PROVIDED DATA
============

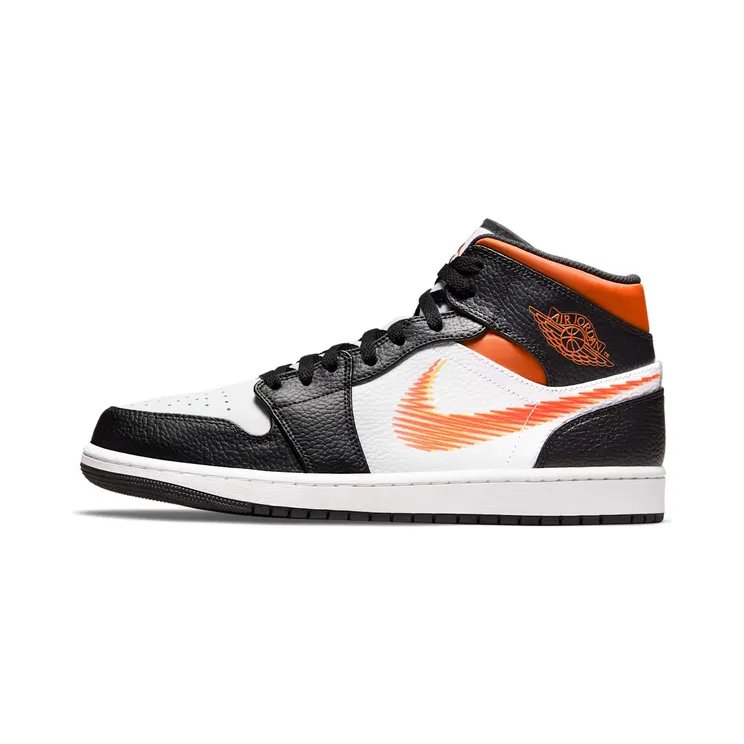 Air Jordan 1 Mid Zig-Zag ‘Team Orange’ (2021) “White / Team Orange / Black / Total Orange” (DN4929-100)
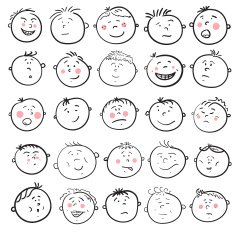 Man face cartoon vector icons set
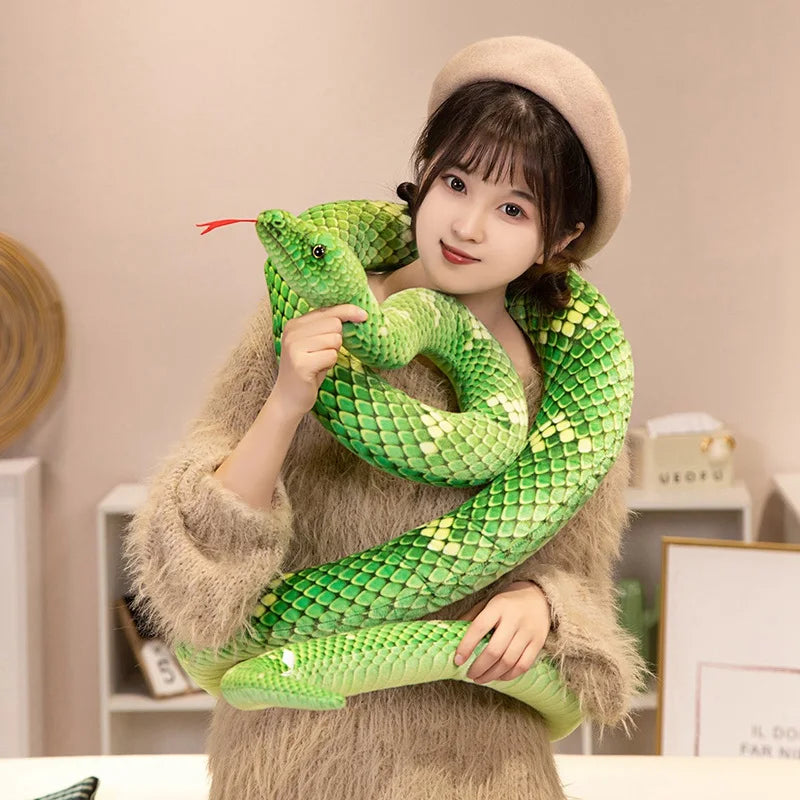 70cm-280cm Simulation Giant Python Anaconda Plush Toy Long Snake Plush Toy House Holiday Decoration Trick Props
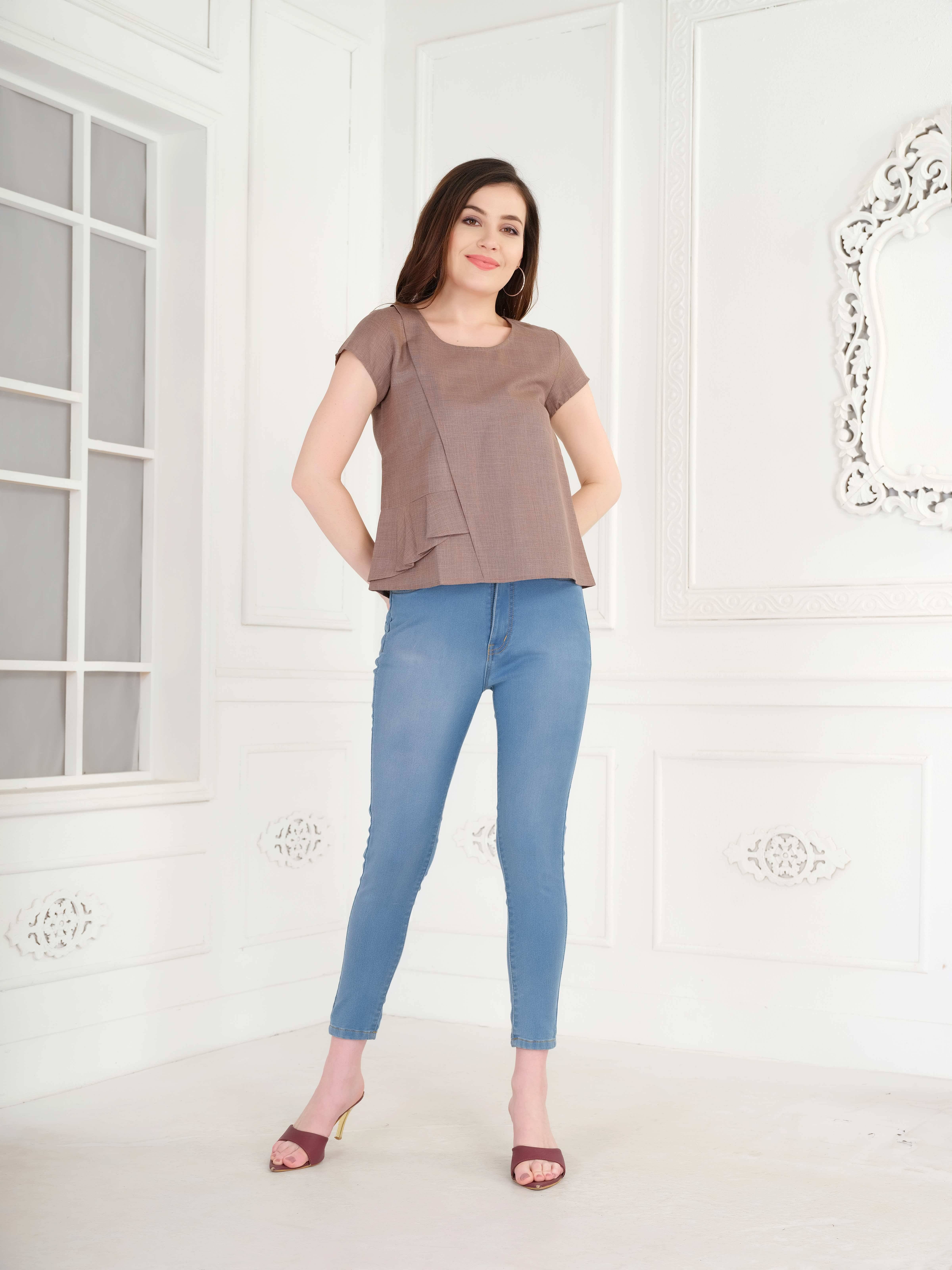     			Mantra Fashion Women's Polyester Regular Top ( Beige )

============

PROBLEM TO WORK ON
Once the pictures are dropped, repeat the data above exactly.

SOLUTION TO THE PROBLEM
 Air Jordan 1 Mid Zig-Zag ‘Team Orange’ (2021) “White / Team Orange / Black / Total Orange” (DN4929-100)
 Man face cartoon vector icons set
 70cm-280cm Simulation Giant Python Anaconda Plush Toy Long Snake Plush Toy House Holiday Decoration Trick Props
     			Mantra Fashion Women's Polyester Regular Top ( Beige )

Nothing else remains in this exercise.